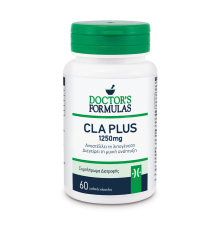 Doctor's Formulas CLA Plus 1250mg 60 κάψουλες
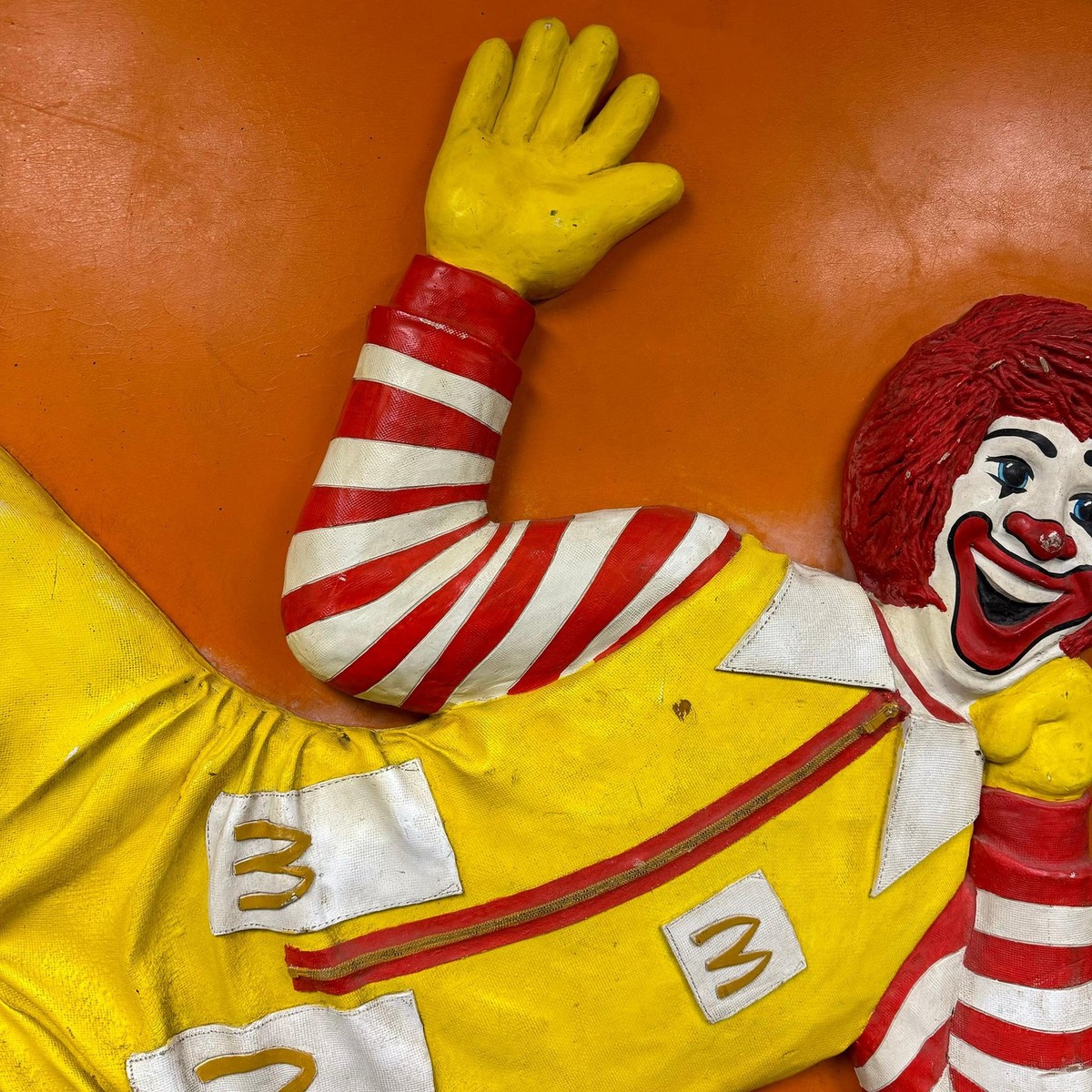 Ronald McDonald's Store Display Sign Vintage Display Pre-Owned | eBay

* * *

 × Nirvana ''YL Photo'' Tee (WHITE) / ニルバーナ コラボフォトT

#### [Assigned task]
Using the records above, repeat exactly the run of lines that starts with the line with "Doctor's Formulas CLA" and goes on through the line with "Ronald McDonald's Store"; omit each picture.

#### [Response to the task]
 Doctor's Formulas CLA Plus 1250mg 60 κάψουλες
 Ronald McDonald's Store Display Sign Vintage Display Pre-Owned | eBay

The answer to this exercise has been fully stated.